[Source data]
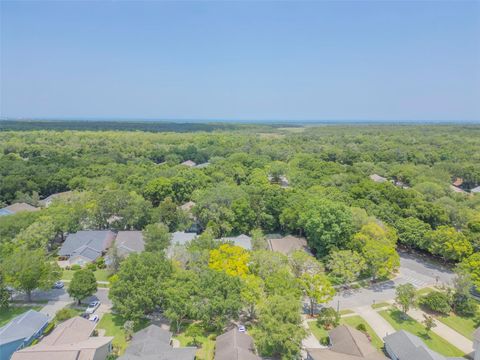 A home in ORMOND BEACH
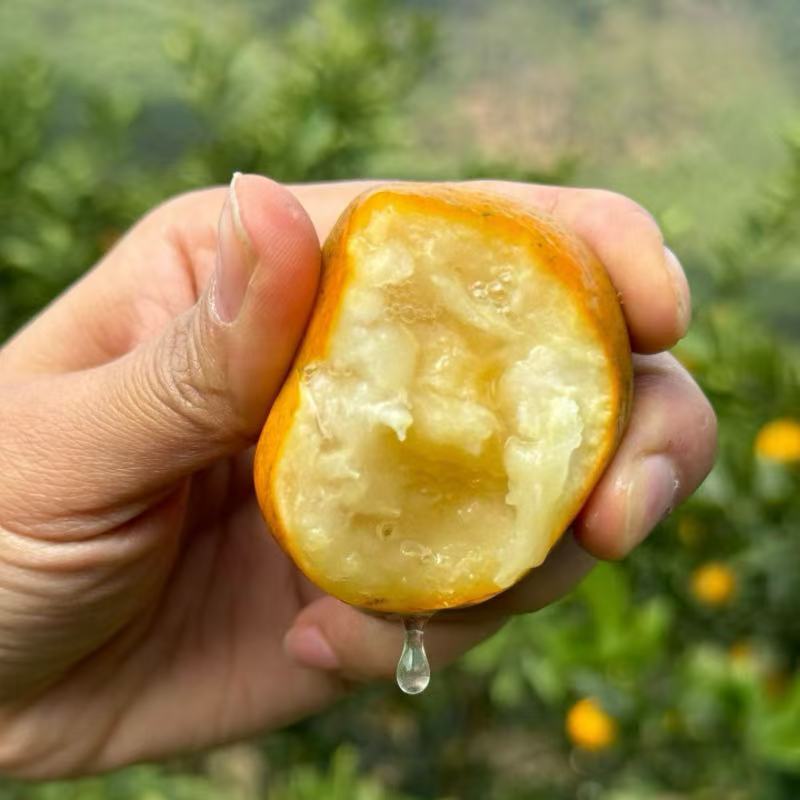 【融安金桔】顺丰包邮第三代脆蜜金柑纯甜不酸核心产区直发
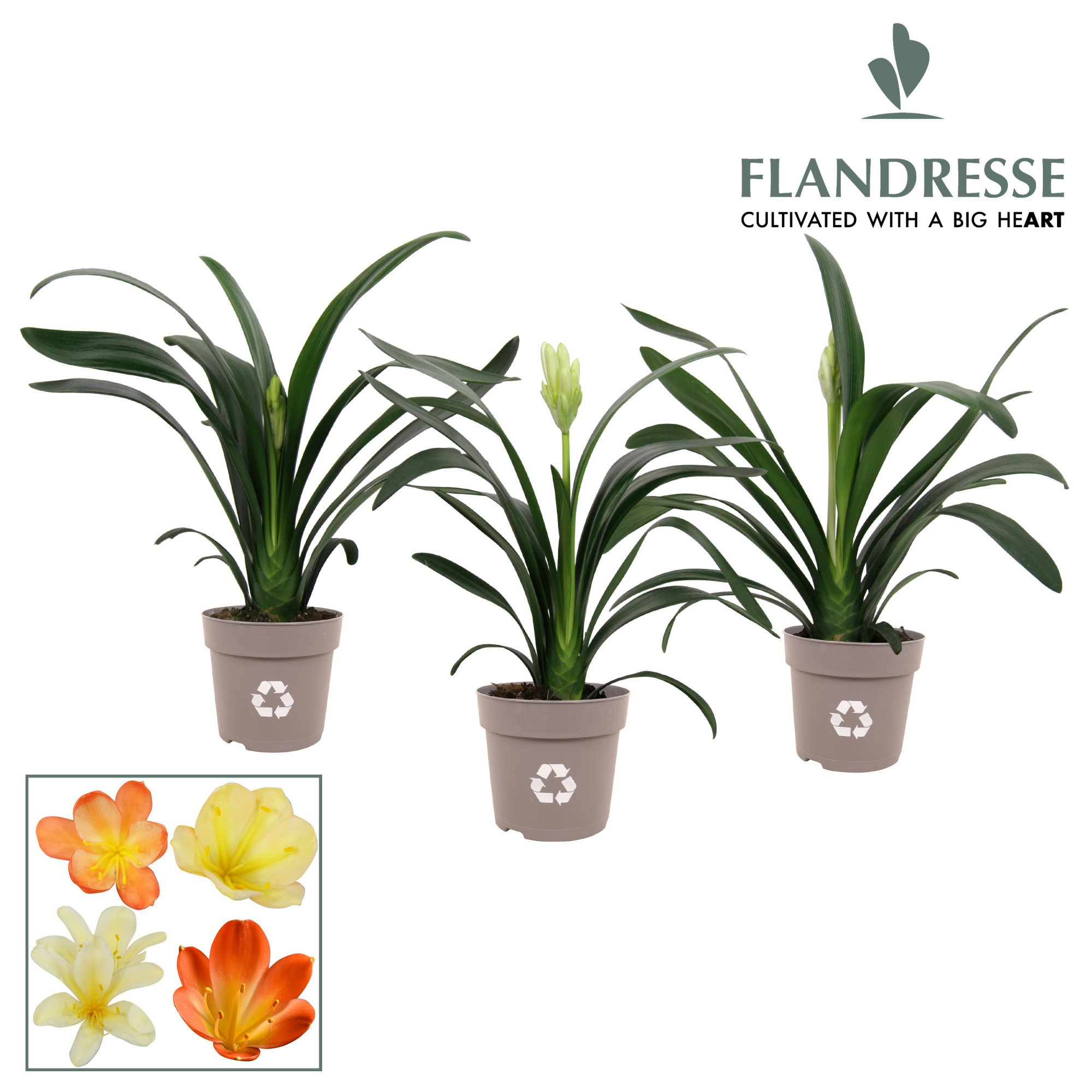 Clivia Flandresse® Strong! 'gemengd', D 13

---

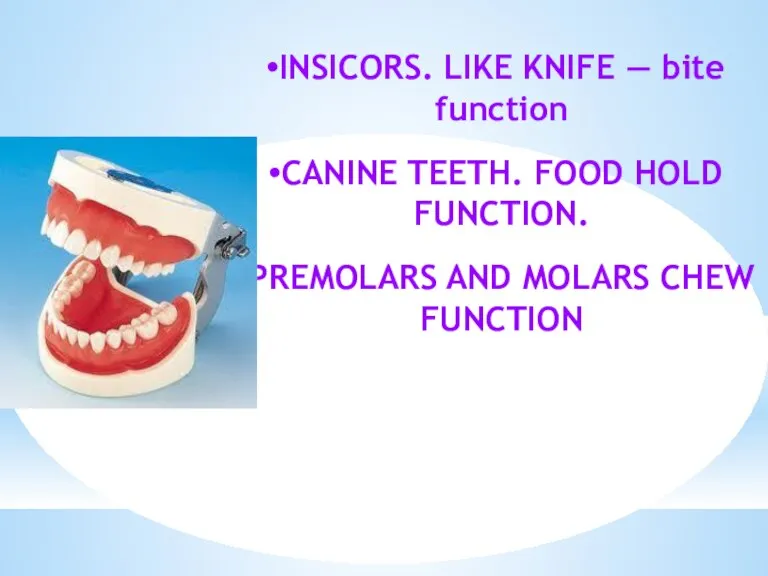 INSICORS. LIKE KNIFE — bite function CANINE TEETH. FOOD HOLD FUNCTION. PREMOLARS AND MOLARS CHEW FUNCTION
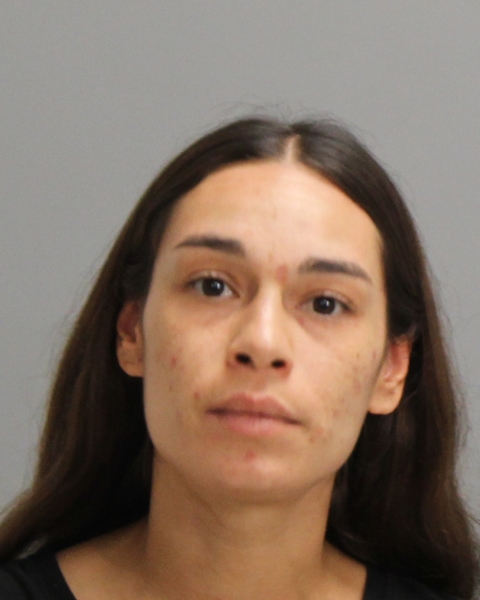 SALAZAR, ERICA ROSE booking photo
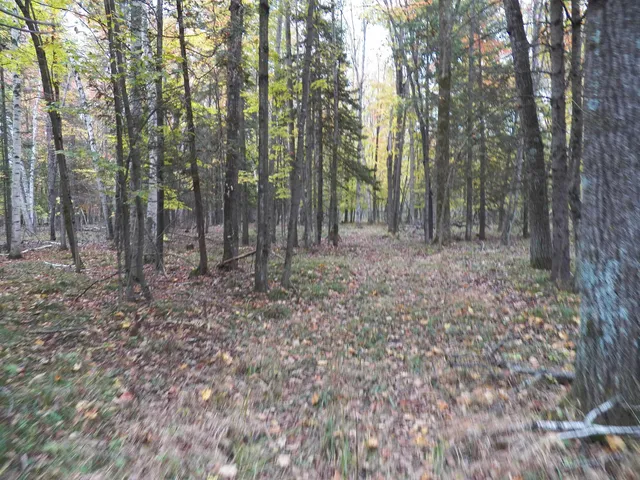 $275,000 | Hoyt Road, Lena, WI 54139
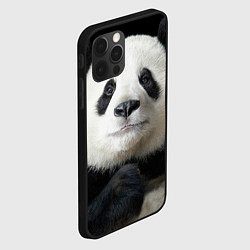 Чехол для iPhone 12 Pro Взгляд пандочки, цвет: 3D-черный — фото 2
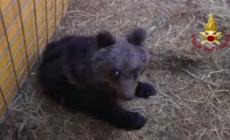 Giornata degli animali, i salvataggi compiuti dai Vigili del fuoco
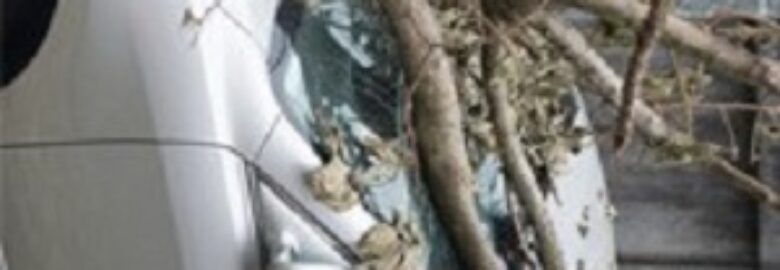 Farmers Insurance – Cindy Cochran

[Exercise aim]
Write back the stretch of lines above that begins with the line holding "INSICORS. LIKE KNIFE" and ends with the line holding "Farmers Insurance – Cindy Cochran", both included, exactly as written. Pictures stay out.

[Answer box]
 INSICORS. LIKE KNIFE — bite function CANINE TEETH. FOOD HOLD FUNCTION. PREMOLARS AND MOLARS CHEW FUNCTION
 SALAZAR, ERICA ROSE booking photo
 $275,000 | Hoyt Road, Lena, WI 54139
 Чехол для iPhone 12 Pro Взгляд пандочки, цвет: 3D-черный — фото 2
 Giornata degli animali, i salvataggi compiuti dai Vigili del fuoco
 Farmers Insurance – Cindy Cochran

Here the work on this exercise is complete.